SEC Chair Gensler says SEC isn't currently weighing stock short-selling ban
US President Biden has scheduled a debt limit meeting with US House Speaker McCarthy for Tuesday, will be meeting with congressional leaders on Tuesday
Fed's Bostic (non-voter), in Bloomberg TV interview, says he doesn't rule out anything as far as rate hikes, got to keep a possible rate hike on the table for sure; if were voting now for June it would be a vote to hold Still a lot of data before June. Have been at restrictive policy for six-to-eight months, would now expect to start seeing the effects of tightening.
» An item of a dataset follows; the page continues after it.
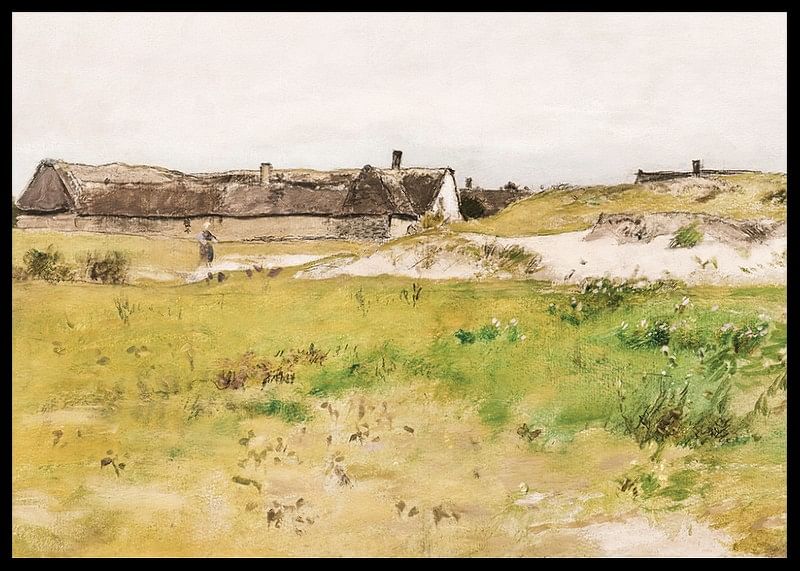Bauernhof In Frankreich By Eugen Jettel-12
Pricing power is not nearly as clear as it has been; that's very positive
US House Speaker McCarthy says he is not confident of getting a deal this week based upon what they are offering right now
FDIC Chair Gruenberg says banking industry is quite resilient during recent stress, according to prepared testimony Early reports show aggregate bank net income is roughly unchanged in Q1 2023, ex recent acquisitions.
Despite a generally well-received earnings season and signs that easing inflation may allow the Federal Reserve to halt its monetary-tightening cycle, worries about a technical government-debt default and recent banking-sector anxiety, credit issues, commercial property are enough to restrains the bulls. With stagflation risks still on the table, any incoming inflation data which shows pricing pressures remaining sticky will make the markets grow nervous that the Fed will keep rates higher for longer and that only a shock or a faceplanting economy will allow the Fed rhetoric and the actual currently implied yield curve, to converge.